• _AIM OF THE EXERCISE_: Down to the final line, write out the material beneath exactly, without pictures.

DATASET SECTION START

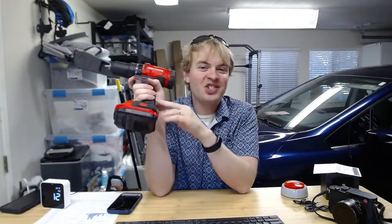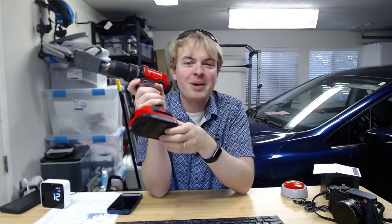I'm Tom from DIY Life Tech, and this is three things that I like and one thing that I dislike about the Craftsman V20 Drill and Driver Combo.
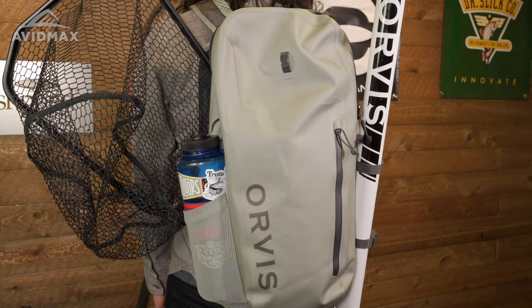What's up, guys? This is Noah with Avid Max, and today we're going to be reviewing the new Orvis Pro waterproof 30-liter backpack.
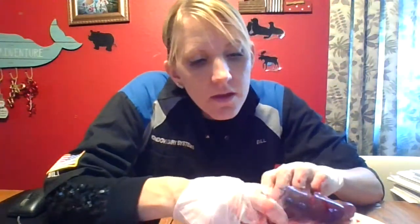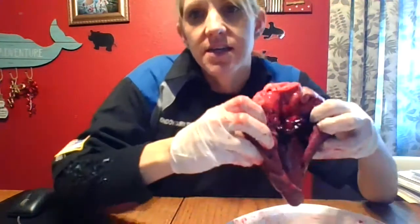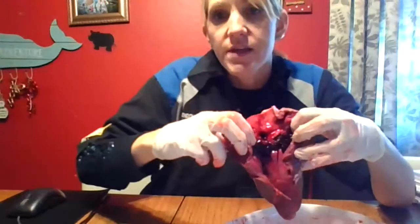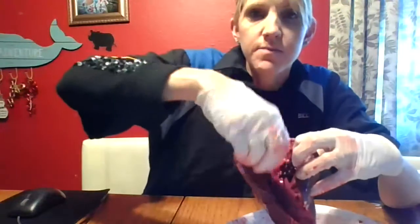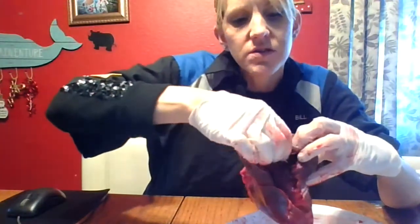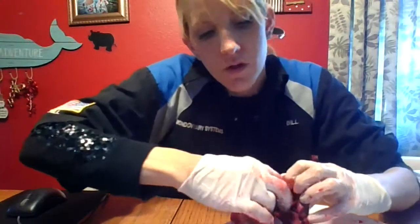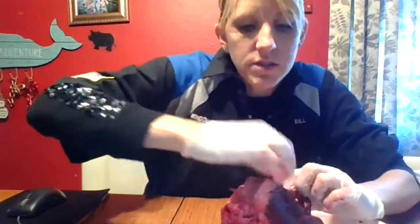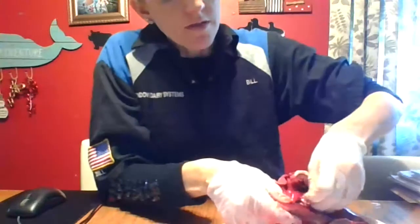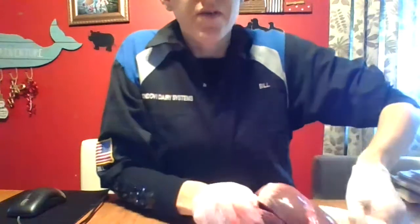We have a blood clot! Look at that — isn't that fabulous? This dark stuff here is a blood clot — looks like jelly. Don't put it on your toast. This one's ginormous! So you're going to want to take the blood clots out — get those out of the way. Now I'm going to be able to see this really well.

DATASET SECTION END

• _ANSWER TO THIS PROBLEM_:
I'm Tom from DIY Life Tech, and this is three things that I like and one thing that I dislike about the Craftsman V20 Drill and Driver Combo.
What's up, guys? This is Noah with Avid Max, and today we're going to be reviewing the new Orvis Pro waterproof 30-liter backpack.
We have a blood clot! Look at that — isn't that fabulous? This dark stuff here is a blood clot — looks like jelly. Don't put it on your toast. This one's ginormous! So you're going to want to take the blood clots out — get those out of the way. Now I'm going to be able to see this really well.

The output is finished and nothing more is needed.